Tina Singh is a mother living in Toronto with two boys who found it extremely difficult for them to both fit in with other kids and let them enjoy riding their bikes and also properly protecting them with a helmet that fit their patkas. So she set out to get some made and this past November started "Sikh Helmets" which have an expanded molding for the knot. This made me think of some things:
The religious reasons for being different were not an excuse.
Yes, BYU has an honor code.
Yes, most college kids want to party and not abide by such an honor code while they are in college.
Yes, this does impact recruiting.
But we have to stop making it an excuse for recruiting rankings.
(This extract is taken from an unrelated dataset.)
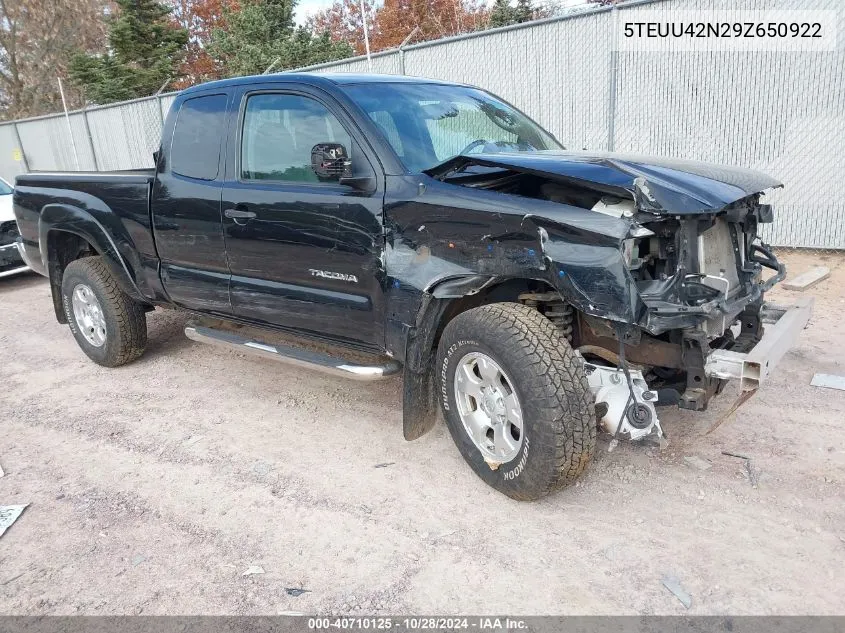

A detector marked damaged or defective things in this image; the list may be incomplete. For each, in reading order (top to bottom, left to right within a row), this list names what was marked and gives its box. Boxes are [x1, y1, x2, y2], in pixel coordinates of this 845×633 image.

There are currently a dozen FBS schools with some level of religous affiliation (BYU, Baylor, TCU, SMU, Wake Forest, Duke, Syracuse, Northwestern, Tulsa, Notre Dame, Boston College and Liberty) yet Dabo Swinney at state school in South Carolina Clemson is the one who said "Our program has always been built on name, image and likeness - the name, image and likeness of God" at his signing day press confernce.
Next year there will be 134 total FBS schools each signing ~20-25 high school and JC players. I refuse to believe that we can't find 100 that are both good enough to play at the P5 level (hell, there's going to be 1500+ that sign with P5 schools every year) that are not okay with living the honor code? Or are we just so into the idea that we are a peculiar people that we think nobody else out there has similar morals?
It's gonna be harder than other schools have it
The Honor Code does not mean we cannot succeed, it just means we have to work harder. Stop using it as a crutch for excuses and use it as a selling point to parents. It's a feature, not a bug. We gotta dig deep and go places we've never gone before to find these kids, but we can do it.
She couldn't find a helmet, so she went out and made one that worked for her family's religous beliefs. It was a lot harder than saying "don't wear one" (taking kids simply because they are a marginal FBS talent but are LDS vs hunting down kids and creating the relationship from scratch) or telling them not to ride a bike at all (staying in a lower level of play where we could succeed based on the inehrent draw of mid-level LDS talent).
But she did it.
It's gonna take money.
She poured a lot of money into R&D of this project - and the Cougars need to invest as much as humanly possible into recruiting because to overcome our obstacles to find the kids and build the relationships and Justin Anderson just simply does not have enough time to do it all himself.
He needs an army of bodies watching film for him. Those cost money.
He needs coaches that are relentless on the recruiting trail traveling further and more often. That costs money for the program and you better make it financially worth it for their wives to be okay with extra travel.
Progress is happening and things are moving in the right direction, but if you get anything from this, here at GEHB we never want to hear anybody say "Well what type of talent do you expect when we have to work around the honor code!"